# Scoring The Queen's Gambit



## robgb (May 6, 2021)

An excellent walkthrough/tutorial by composer Carlos Rafael Rivera.


----------



## muziksculp (May 6, 2021)

Great Video of C R Rivera showing his ideas, and orchestration, loved the series, and his music.


----------



## Monkberry (May 6, 2021)

This is great! I've watched The Queen's Gambit twice and it's become one of my favorite miniseries of all time. The second time I watched it, I made a point to see who scored it, so thank you for posting this.


----------



## Stringtree (May 6, 2021)

I'm not the same person after watching this. What a beautiful masterclass, for free. 

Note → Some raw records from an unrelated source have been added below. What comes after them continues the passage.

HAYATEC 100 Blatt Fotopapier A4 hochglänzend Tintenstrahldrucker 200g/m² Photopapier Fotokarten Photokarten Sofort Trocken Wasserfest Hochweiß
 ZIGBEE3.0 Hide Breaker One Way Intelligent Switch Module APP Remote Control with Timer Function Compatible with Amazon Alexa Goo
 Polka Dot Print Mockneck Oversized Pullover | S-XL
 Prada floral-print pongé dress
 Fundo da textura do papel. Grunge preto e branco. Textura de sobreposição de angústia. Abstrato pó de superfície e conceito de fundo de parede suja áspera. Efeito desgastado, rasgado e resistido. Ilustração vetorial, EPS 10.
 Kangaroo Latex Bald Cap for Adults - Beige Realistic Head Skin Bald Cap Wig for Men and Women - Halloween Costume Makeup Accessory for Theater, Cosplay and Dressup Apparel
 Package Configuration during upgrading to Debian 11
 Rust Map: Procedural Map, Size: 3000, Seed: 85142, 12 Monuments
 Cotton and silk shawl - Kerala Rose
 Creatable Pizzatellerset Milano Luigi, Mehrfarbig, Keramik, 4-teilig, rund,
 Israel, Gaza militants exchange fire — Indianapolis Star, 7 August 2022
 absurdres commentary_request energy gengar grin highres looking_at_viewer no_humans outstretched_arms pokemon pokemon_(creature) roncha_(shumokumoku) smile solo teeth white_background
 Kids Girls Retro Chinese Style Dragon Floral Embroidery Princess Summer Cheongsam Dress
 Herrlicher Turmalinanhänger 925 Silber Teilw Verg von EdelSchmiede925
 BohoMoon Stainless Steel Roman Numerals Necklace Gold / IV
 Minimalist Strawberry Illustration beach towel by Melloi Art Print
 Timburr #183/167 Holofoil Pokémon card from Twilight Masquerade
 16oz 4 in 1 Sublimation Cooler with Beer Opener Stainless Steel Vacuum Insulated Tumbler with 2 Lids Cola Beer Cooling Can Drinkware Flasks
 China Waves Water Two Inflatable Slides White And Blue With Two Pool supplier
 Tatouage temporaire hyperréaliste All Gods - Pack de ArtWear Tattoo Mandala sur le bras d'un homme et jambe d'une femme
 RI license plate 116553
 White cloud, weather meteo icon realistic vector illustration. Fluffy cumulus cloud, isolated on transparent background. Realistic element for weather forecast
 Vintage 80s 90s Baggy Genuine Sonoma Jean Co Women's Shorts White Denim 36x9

Sure, I watched the whole series. This was so cool.


----------



## holywilly (May 6, 2021)

How come my YouTube audio playback is in MONO?


----------



## akhill jain (May 6, 2021)

holywilly said:


> How come my YouTube audio playback is in MONO?


Felt the same


----------



## gh0stwrit3r (May 7, 2021)

Lots of gratitude for this inside look!


----------



## composer313 (Dec 12, 2021)

Thank you all so much!


----------



## Jeremy Spencer (Feb 10, 2022)

Really enjoyed that! Wonderful score, and now has me considering SSO.


----------